TASK INSTRUCTIONS:
Write out the data exactly, please, and omit the pictures.

DATASET CONTENT:
-- Opening Marker --
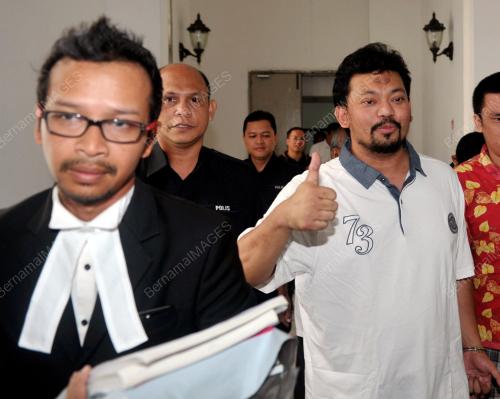 JB02_21092015_PECAH_AMANAH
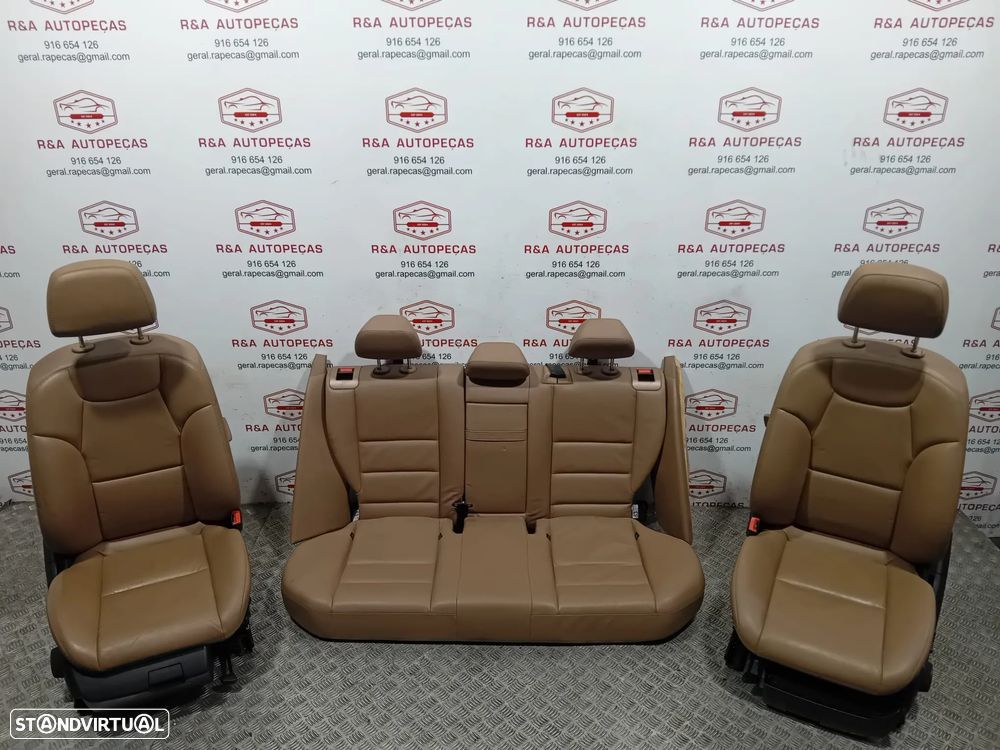 Conjunto de Bancos Elétricos Mercedes Class C W204 Sedan em Pele Original - 20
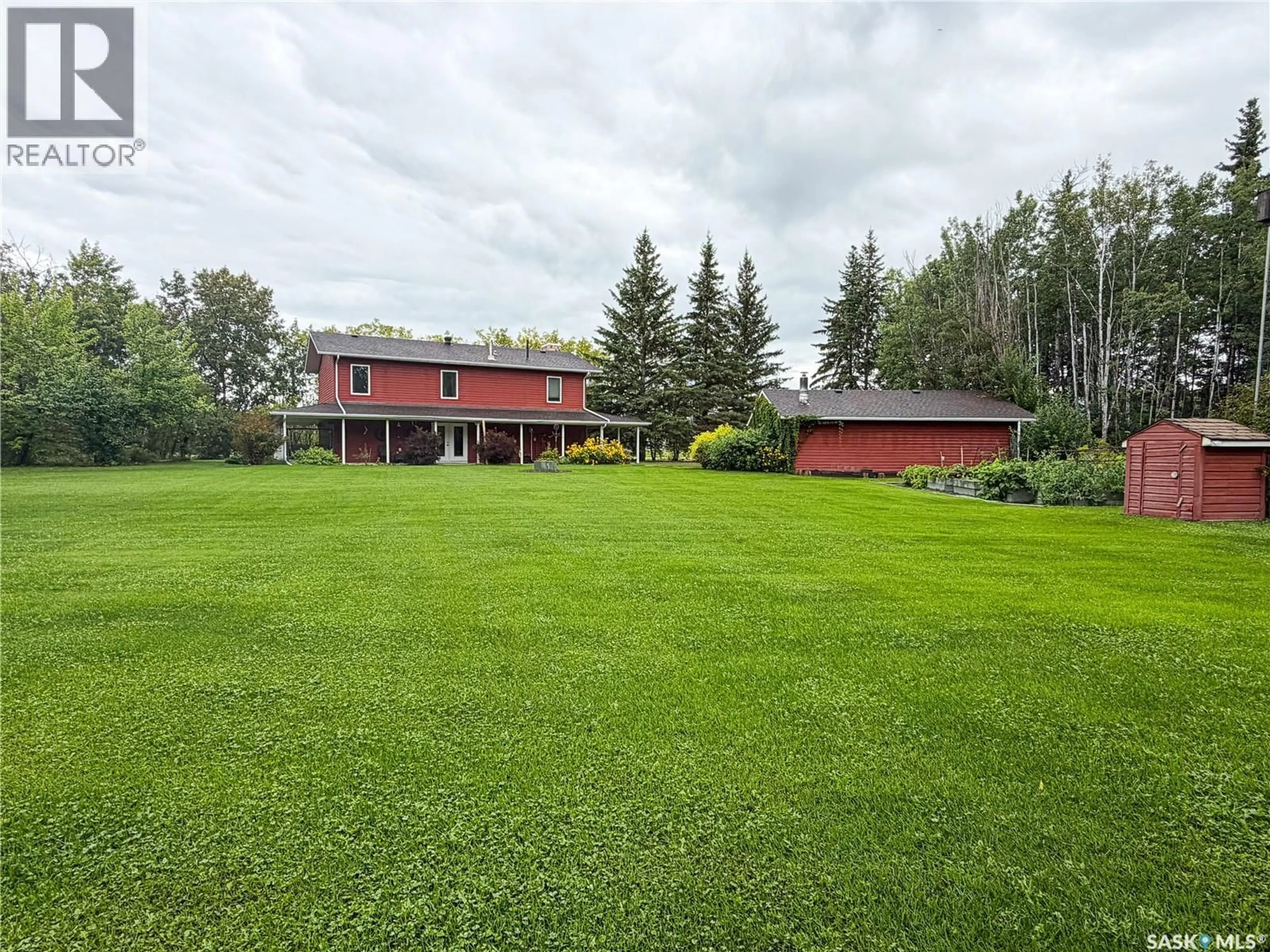 A pic from outside/outdoor area/front of a property/back of a property/a pic from drone, unknown for 101 2ND AVENUE, Pierceland Saskatchewan S0M2K0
-- Closing Marker --
WRITTEN RESPONSE:
 JB02_21092015_PECAH_AMANAH
 Conjunto de Bancos Elétricos Mercedes Class C W204 Sedan em Pele Original - 20
 A pic from outside/outdoor area/front of a property/back of a property/a pic from drone, unknown for 101 2ND AVENUE, Pierceland Saskatchewan S0M2K0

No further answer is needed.